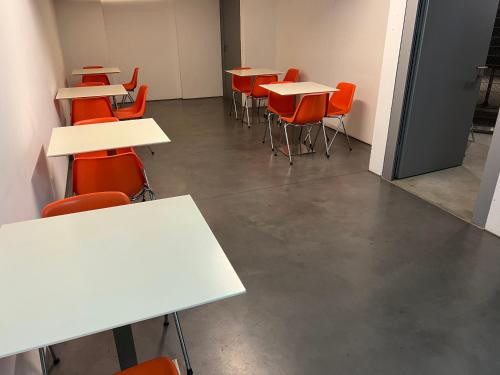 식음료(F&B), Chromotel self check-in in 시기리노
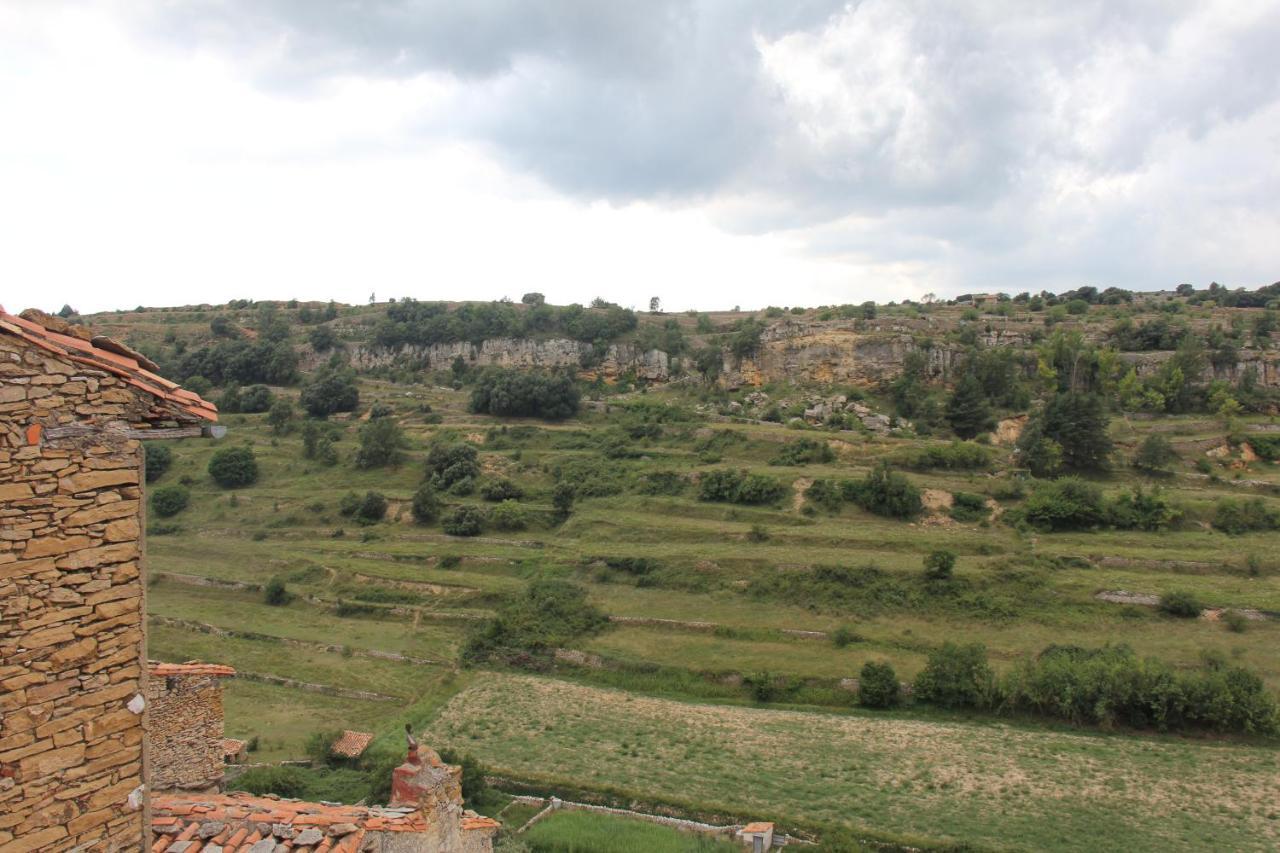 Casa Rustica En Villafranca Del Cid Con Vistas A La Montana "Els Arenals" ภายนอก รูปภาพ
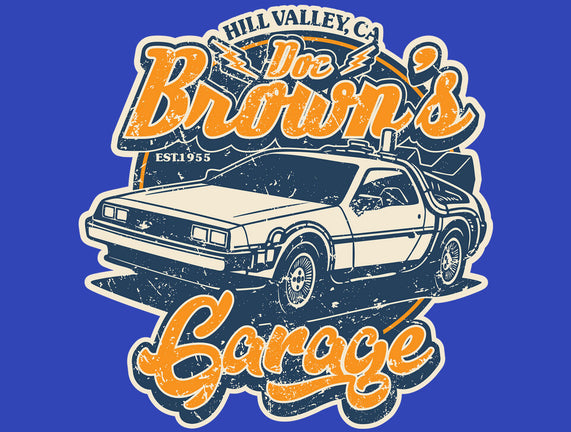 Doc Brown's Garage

○ ○ ○

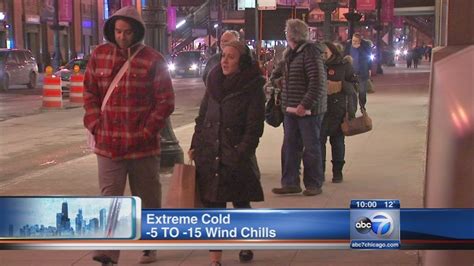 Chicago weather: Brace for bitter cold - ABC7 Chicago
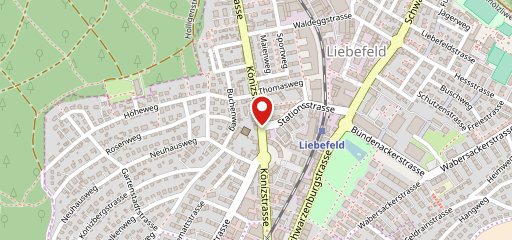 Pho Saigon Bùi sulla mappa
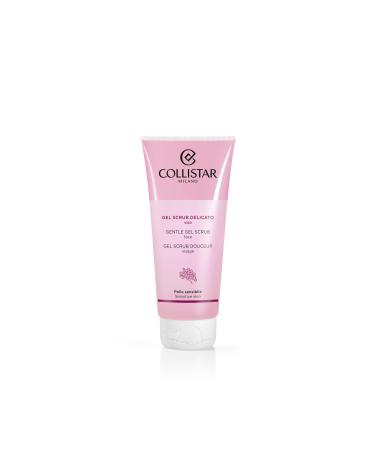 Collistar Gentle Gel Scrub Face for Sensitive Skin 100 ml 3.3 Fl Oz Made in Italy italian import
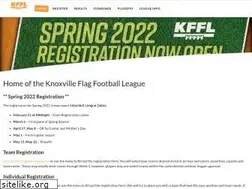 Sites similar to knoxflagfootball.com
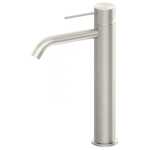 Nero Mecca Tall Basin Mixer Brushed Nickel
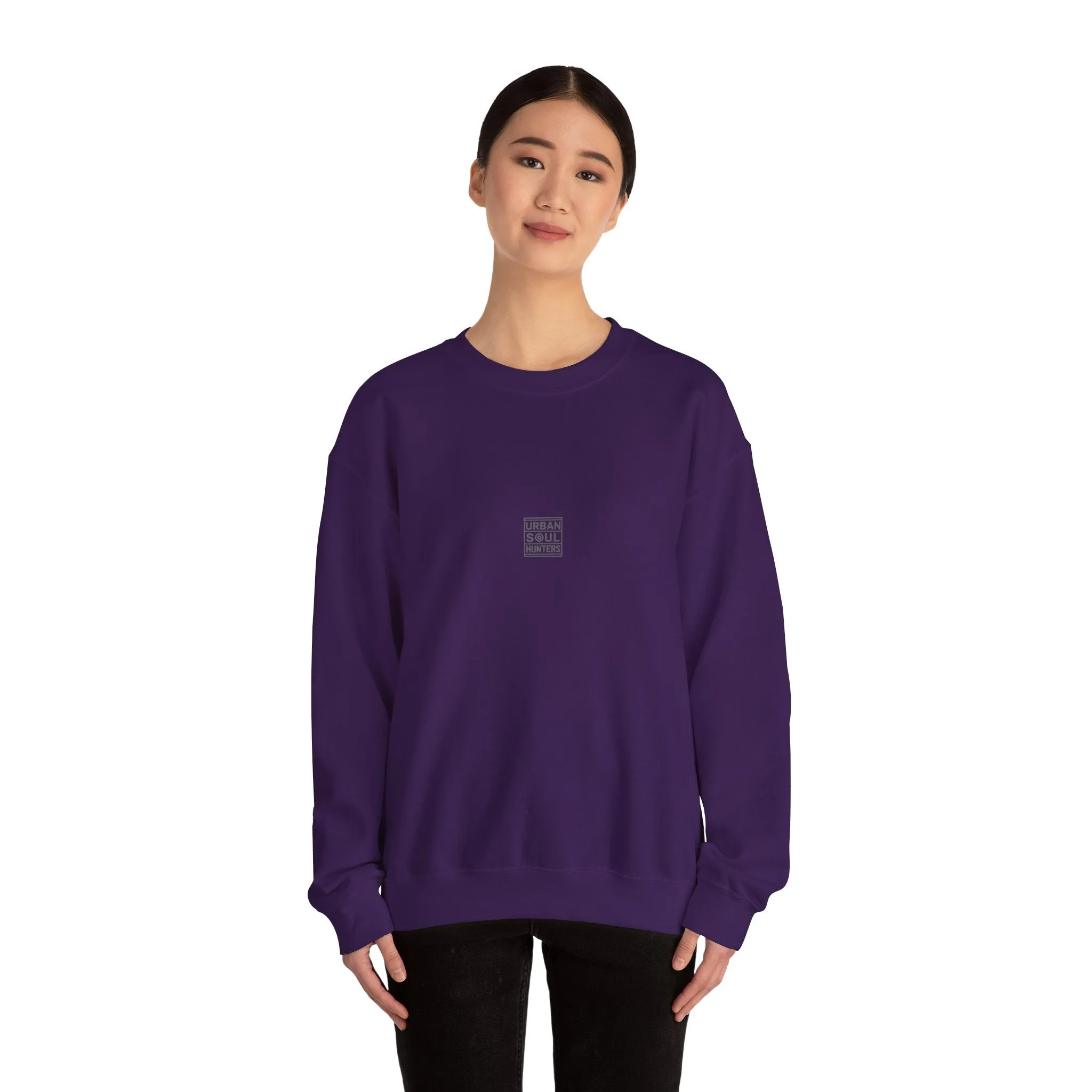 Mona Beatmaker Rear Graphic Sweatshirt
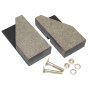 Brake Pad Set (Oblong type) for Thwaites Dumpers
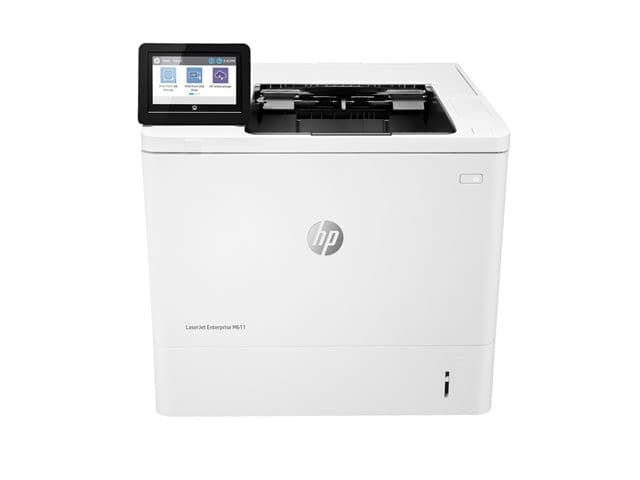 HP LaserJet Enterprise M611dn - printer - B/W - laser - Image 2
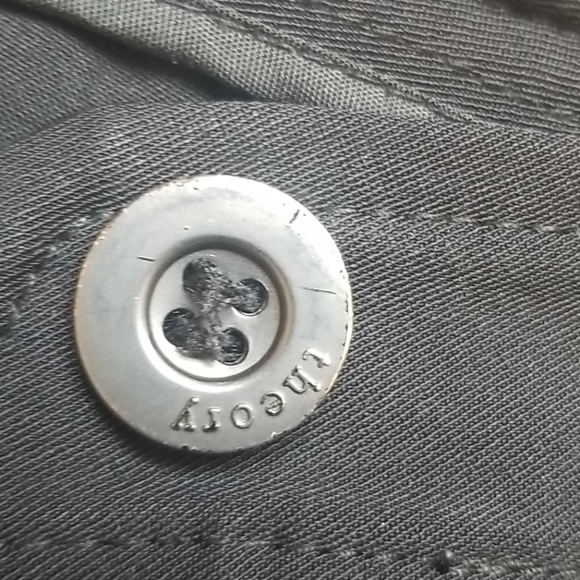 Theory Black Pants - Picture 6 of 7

○ ○ ○

Range to copy from the listing above: the line with "식음료(F&B), Chromotel self check-in in 시기리노" through the line with "Doc Brown's Garage". Transcribe it exactly and skip the pictures.

 식음료(F&B), Chromotel self check-in in 시기리노
 Casa Rustica En Villafranca Del Cid Con Vistas A La Montana "Els Arenals" ภายนอก รูปภาพ
 Doc Brown's Garage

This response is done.